192 P. 575 | Okla. | 1920
Petition by Tom Hunter for the probate of a certain instrument in writing as the last will and testament of Willie Fisher. Contest was filed by Osborne Battiest and others. Probate was denied, and proponent brings error. Affirmed. On January 3, 1918, Tom Hunter filed in the county court of Choctaw *249 county for probate as the last will and testament of Willie Fisher the following instrument:
"September 17, 1917.
"J.E. Peltier. Willie Fisher."
Contest was filed by Osborne Battiest et al., heirs at law of Willie Fisher. Probate on the instrument was denied by the county court and appeal was taken to the district court, whereupon a trial de novo the order and judgment of the county court was affirmed and the probate of the instrument as the last will and testament of Willie Fisher was denied.
The alleged will purports to devise to Hunter all the decedent's property, consisting of $2,000 or more in money in the hands of the United States Indian Agent and something like 1,500 acres of land in Choctaw county, Okla.

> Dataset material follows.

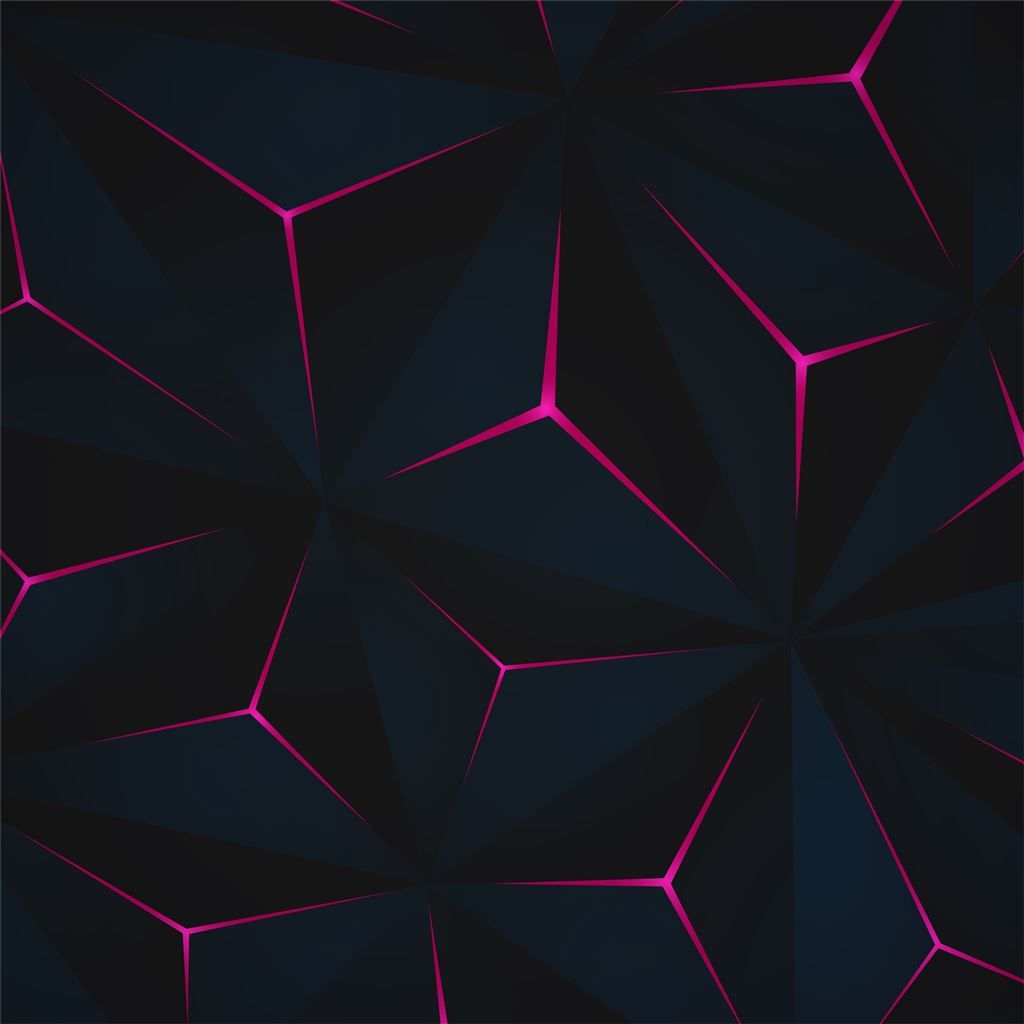 Triangle 8K Blue Pattern Wallpapers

The facts as shown by the evidence and as found by the trial are as follows:
In the fall of 1915, Willie Fisher, a full-blood Choctaw Indian, 25 years of age, was arrested and confined in the county jail of Choctaw county on the charge of having murdered his father and mother. On the trial had in the following year he was found guilty of having murdered his mother and was given the death penalty. An appeal was taken to the Criminal Court of Appeals and Fisher was confined in the state penitentiary at McAlester. While an inmate of the state penitentiary he developed tuberculosis and died without final judgment having been rendered by the Criminal Court of Appeals. He was defended by the law firm of Cunningham Hunter, which consisted of S.M. Cunningham and T.W. Hunter, the proponent, and in the early stages of the prosecution by Warren Richardson, a firm consisting of T.J. Warren and G.W. Richardson, though apparently Richardson early dropped out of the defense.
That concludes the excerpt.